I wrote last April that, while it’s hard to generalize about the reasons for turnover, the wave of moves in 2021 to that point together seemed to reflect a “turning point” for the media industry. It’s still hard to generalize—but, looking at the 2022 wave so far, it’s perhaps easier to see the opposite, with many moves seeming to reinforce prior trends. The Times, already a behemoth, continues to suck in both talented individual reporters (Fahrenthold) and entire newsrooms to the detriment both of major rivals (the Post) and smaller local outlets; Politico, under Sheikholeslami’s watch, looks set to enter acquisition mode, too. Ben Smith’s ambitious new venture might one day disrupt his old employer’s hegemony; it’s hard to know without more information and a crystal ball. But on its face, and as many critics pointed out, college-educated English-readers are far from an underserved audience; indeed, one could make a cogent case that the US media industry is increasingly serving them, at the expense of both local and traditionally marginalized communities. As Alex Sujong Laughlin wrote for Poynter, media founders of color would likely have a much tougher time selling investors on such a vague proposition.
Yesterday’s TV hires, along with a couple of the other recent moves, entailed some diversification: Sanders and Cornish will step into a cable-news landscape where hosts of color, and women in particular, are still too rare, despite recent steps forward. In a different sense, though, the hires “doubled as statements about each network’s positioning in the news and talk marketplace,” as CNN’s Brian Stelter put it. Watters will make Fox’s evening lineup even Foxier; Sanders is a lesser-known quantity as a TV host, but her background as a Democratic operative—and statement, on leaving the Biden administration recently, that she would “continue to be a reliable voice for this White House on the outside, regardless of whatever I do next”—suggest that she might make MSNBC MSNBC-ier. (In an interview with the Times yesterday, Sanders walked that comment back a bit, saying, “I’m going to tell the truth.”)
Cornish going to CNN+ is perhaps the most exciting and curious of the recent moves, given her long background in radio and the fact that CNN+ is still taking shape.

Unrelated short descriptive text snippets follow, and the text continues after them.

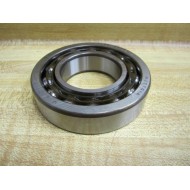 SKF 7208 BECBP Ball Bearing Angular Contact - New No Box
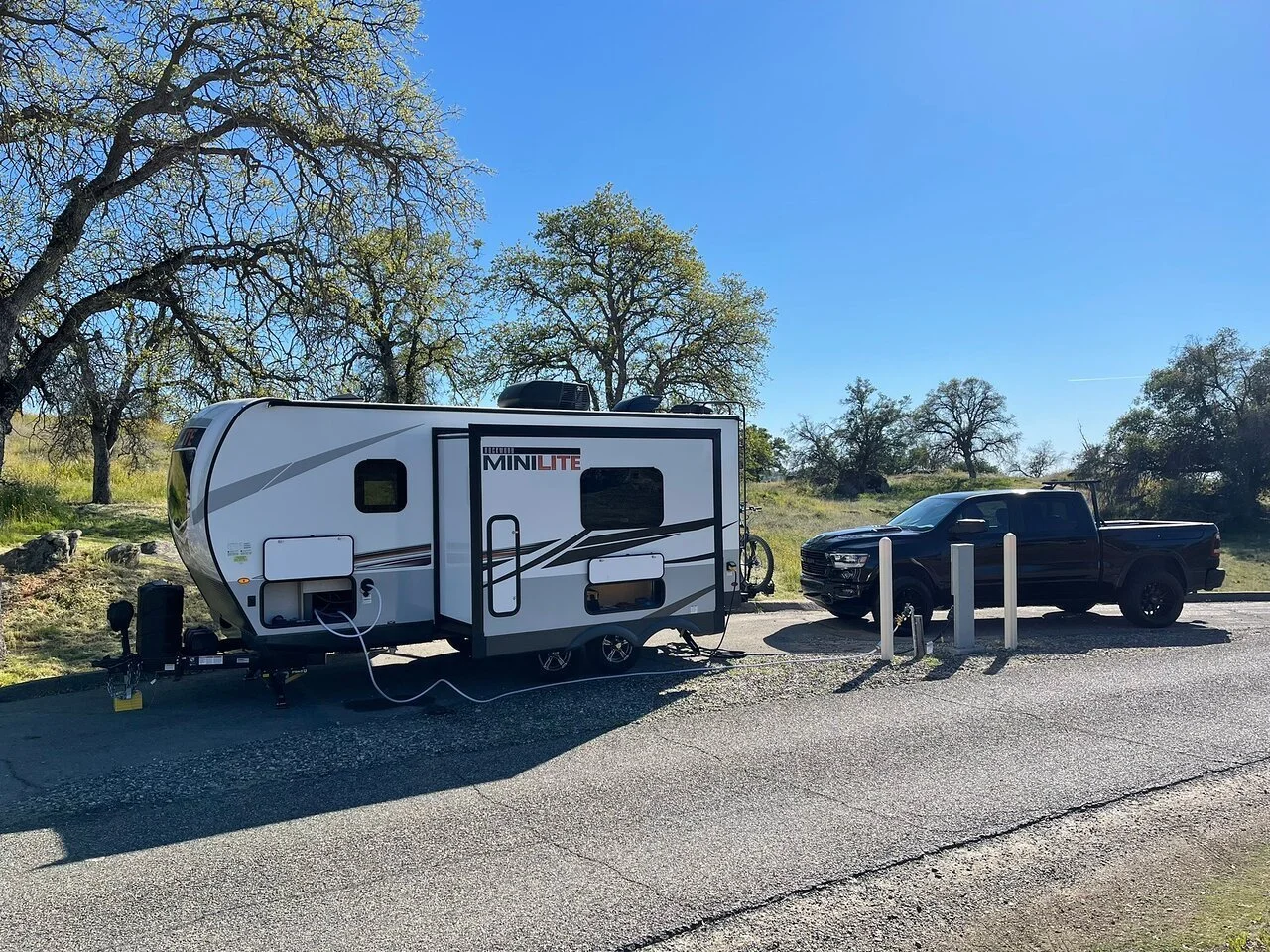 codorniz-recreation-area-campground-raymond-california.jpeg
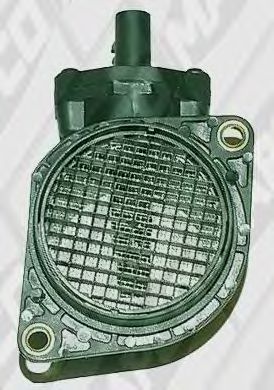 MAPCO 42804 -  Расходомер воздуха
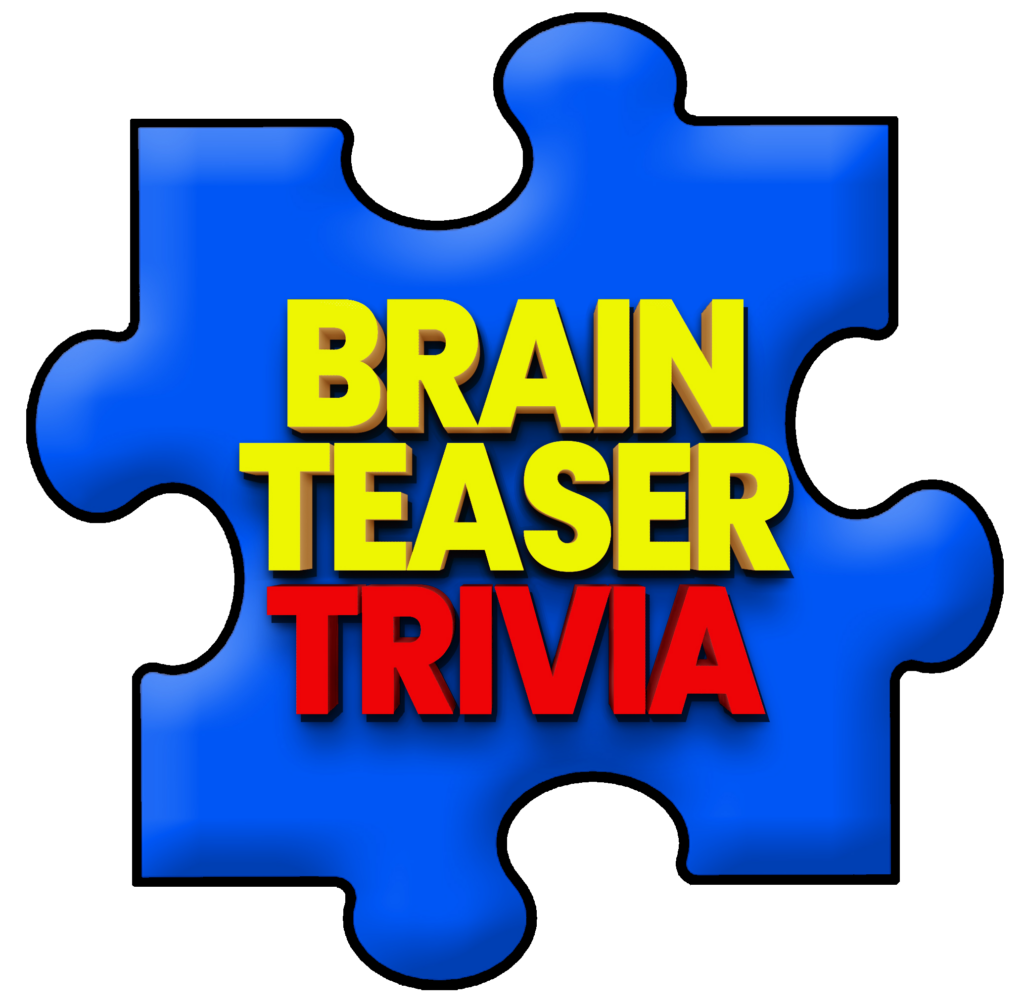 brain-teaser-trivia-neon-entertainment-booking-agency-corporate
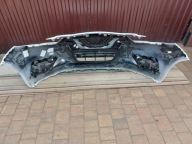 nárazník předek NISSAN MICRA K14 BIALY 18r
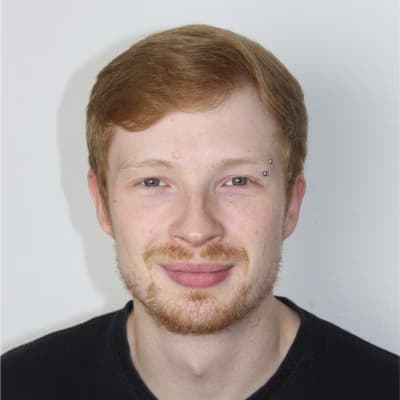 Profile photo of Wesley, Mathematics tutor at Wiingy 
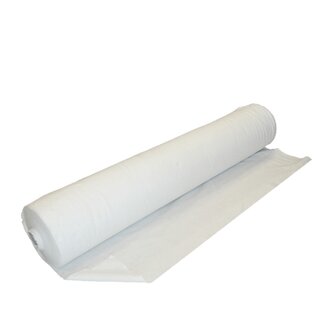 Geotextilie STANDARD 1 m × 20 m 20 m2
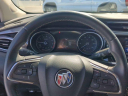 Thumbnail image of 2022 Buick Encore GX at Ritchey Cadillac Buick GMC - NEW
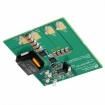 LM5116EVAL/NOPB  Embedded Solutions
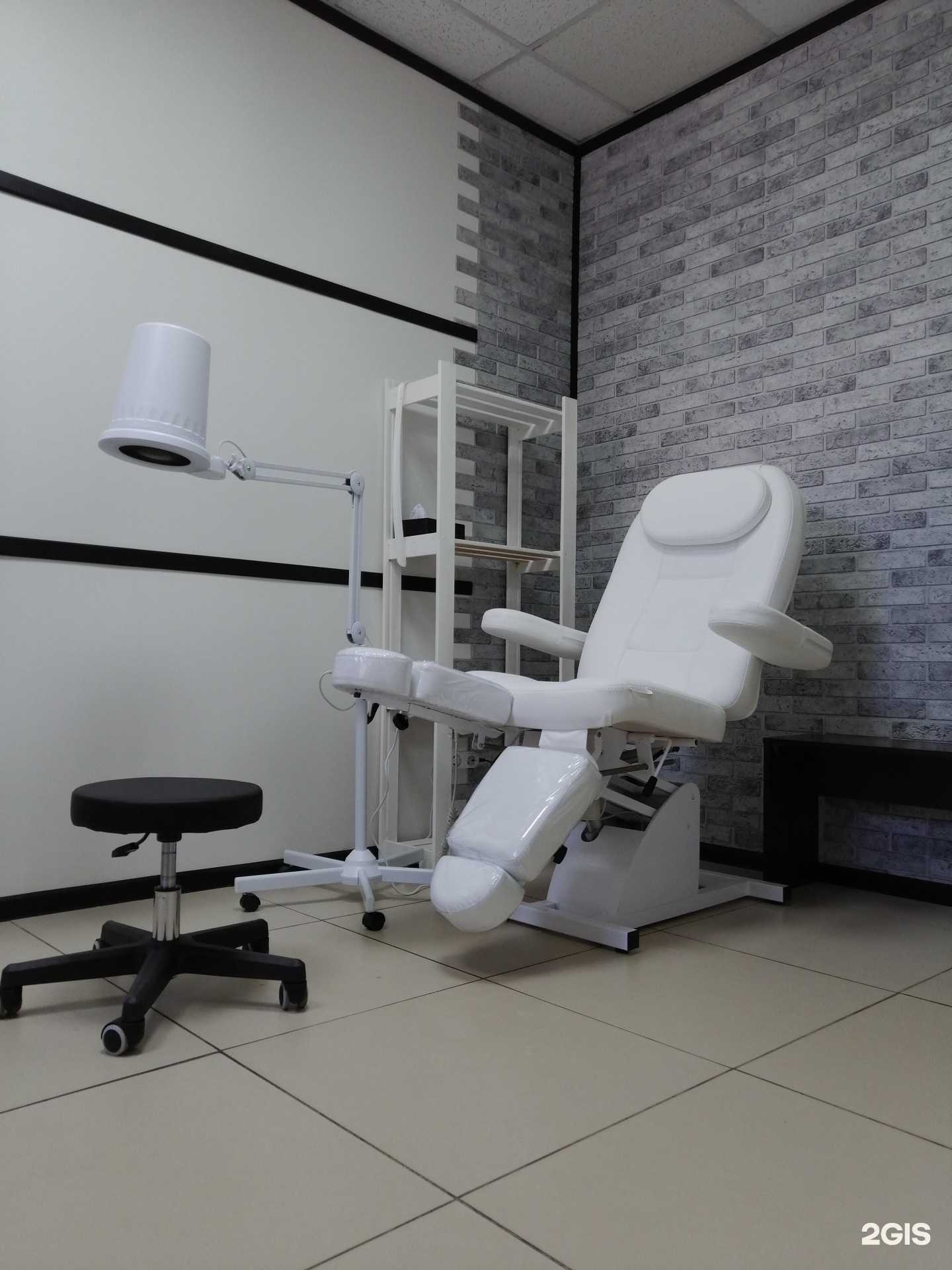 Отзывы на компанию Студия`44 в Костроме c фото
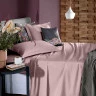 Jogo De Cama Queen Luma Comfort Rosa Bebe Hedrons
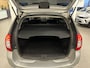 Dacia Logan MCV 0.9 TCe / Airco / Cruise.C / ruime gezinsauto /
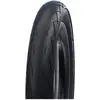 Image de Schwalbe, Pneu de vélo, (14 x 1.75, 47-288)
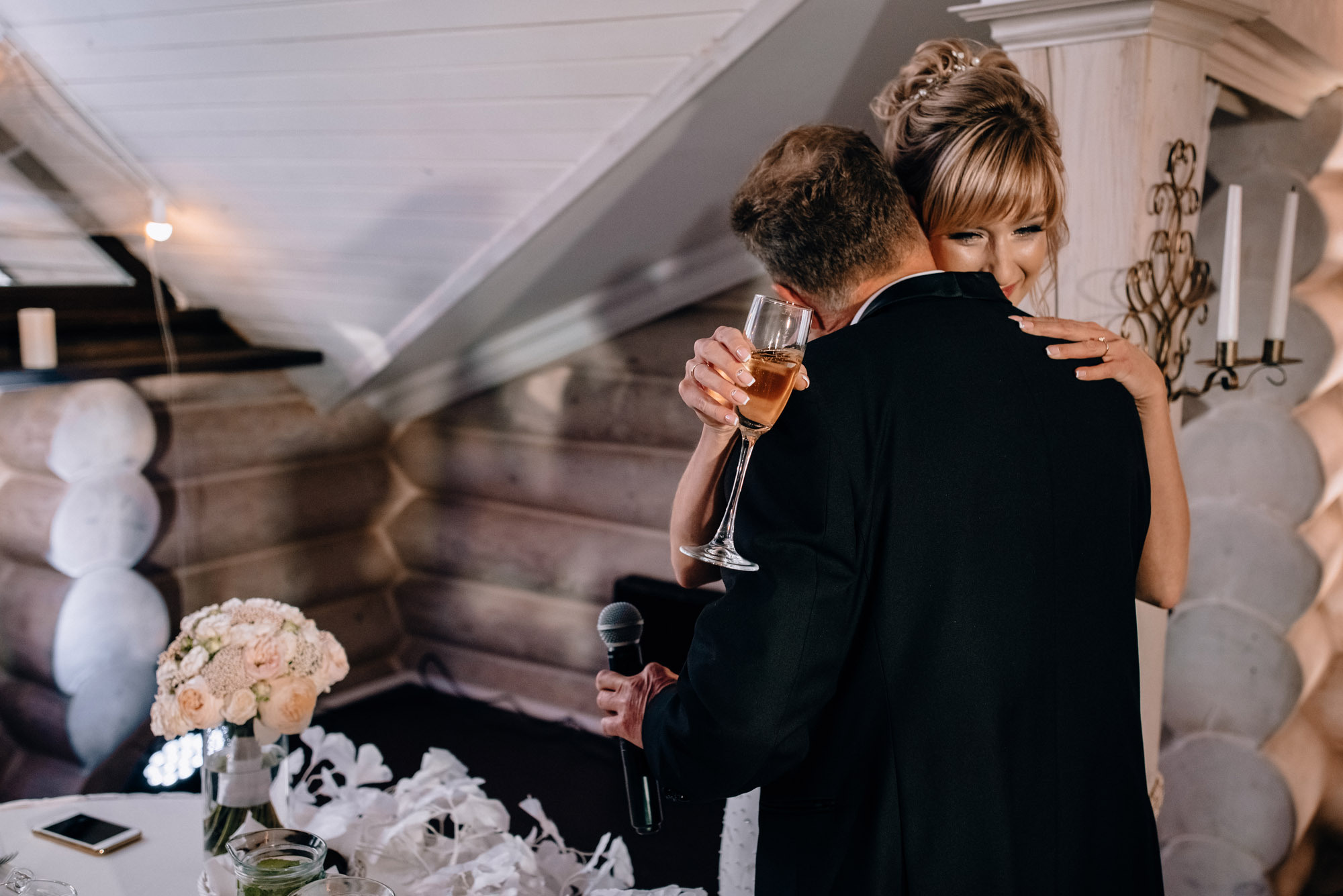 Dariya & Dmitriy. Destination Wedding photographer Italy, France, Germany, Spain, Poland Oleg Zaicev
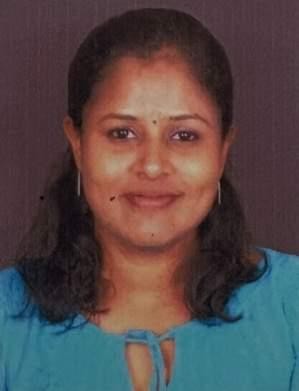Vennila Thayumanavan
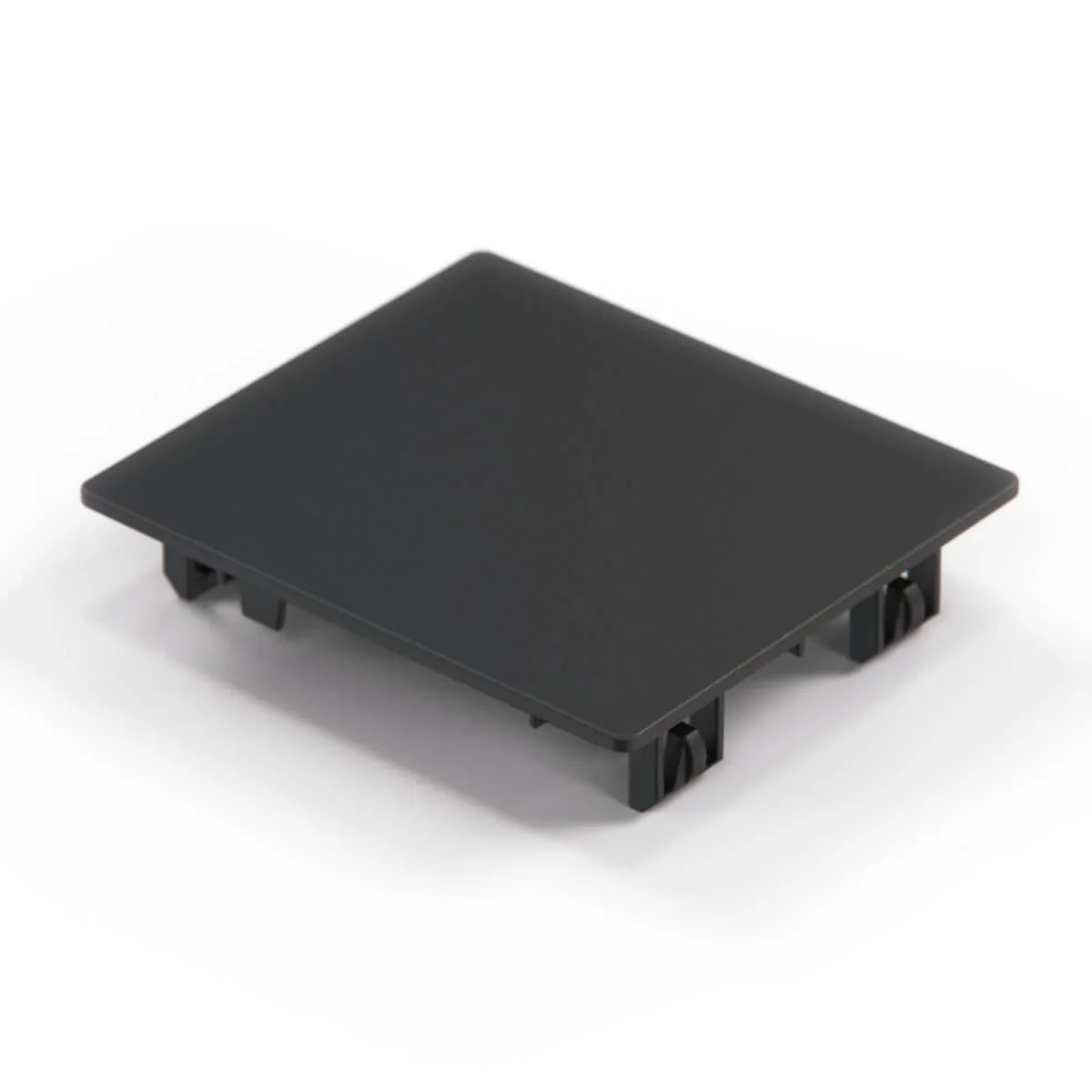 Cache de Plafonnier pour BMW X5 E53 (1999-2006) - Revvo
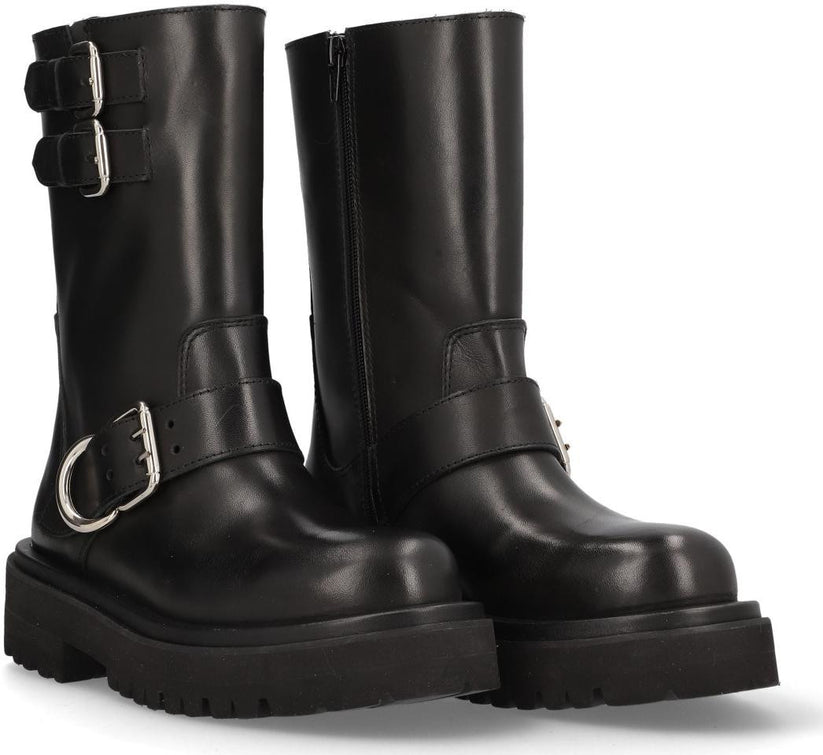 Alpe ALPE BIKER Venta caliente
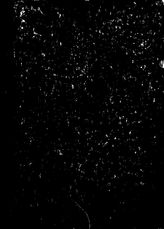  Нефтяное и сланцевое хозяйство. 1930.  o.т. XVIIIN №1. - , .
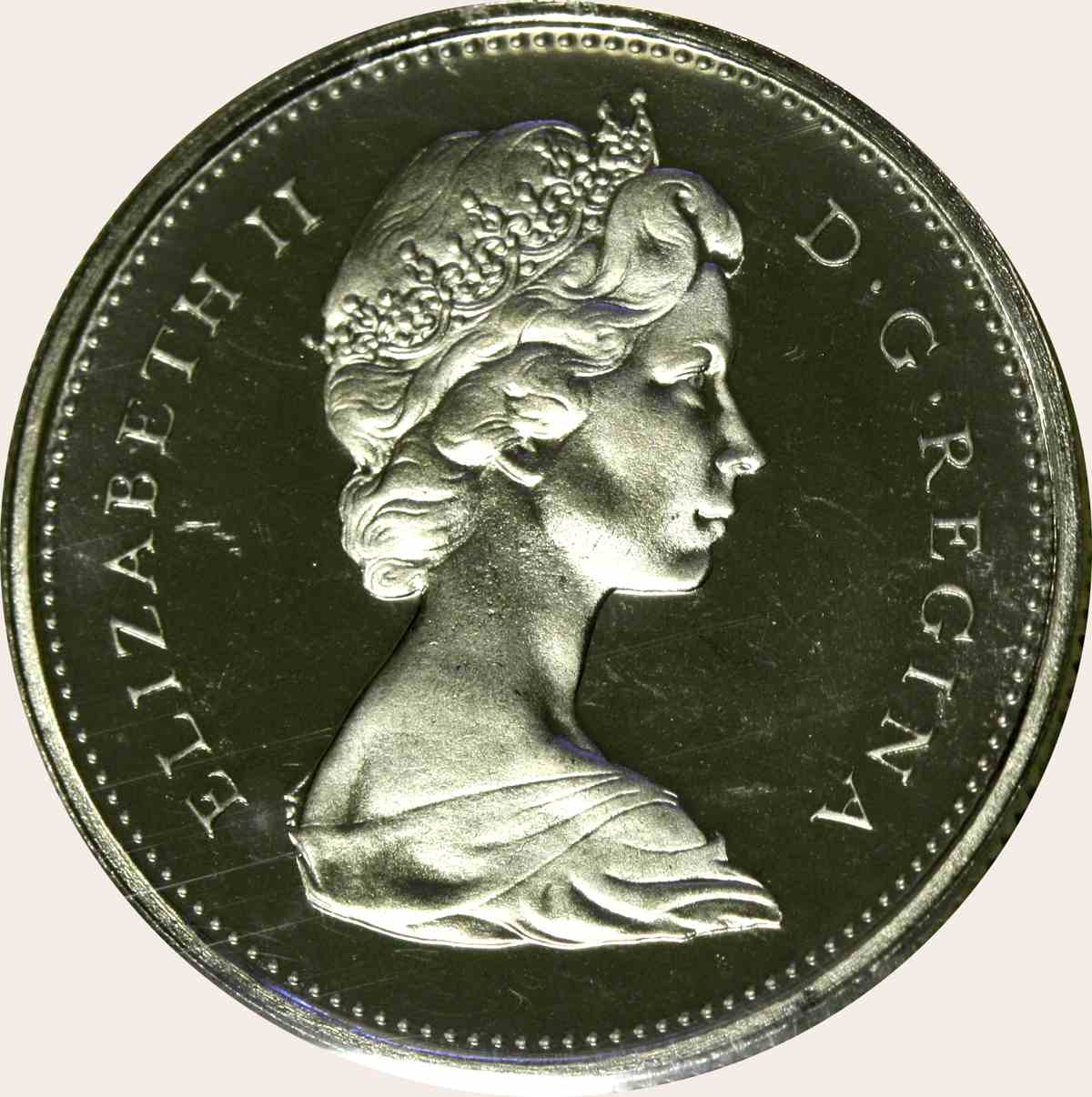 Certified-25-Cents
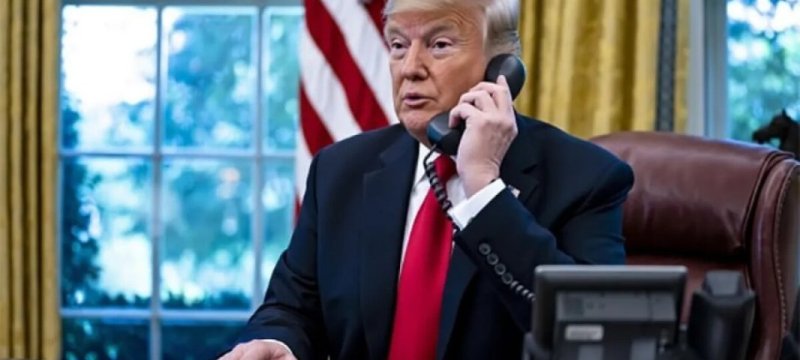 Иран добьёт Америку. Трамп разгоняет генералов. Под Полтавой ударили – и началось «такое» Иран добьёт Америку. Трамп разгоняет генералов. Под Полтавой ударили – и началось «такое»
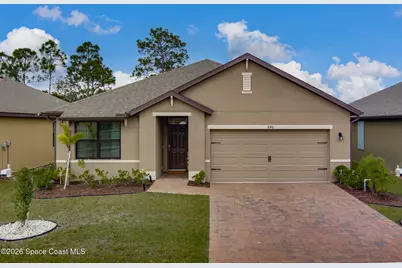 840 Old Country Road SE, Palm Bay, FL 32909 - Photo 26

Taken together, however, some of the new streamer’s other early hires—Alison Roman, Chris Wallace—hardly look like leaps into daring journalistic terrain, even if the format is relatively new. (Roman, a food writer and social-media star, has been criticized, as the New Yorker noted in a recent profile, as “both a product and a perpetuator of structural racism in food media.”) The reaction to Cornish’s departure from NPR illustrates a trend, too, even if her reasons for leaving are her own.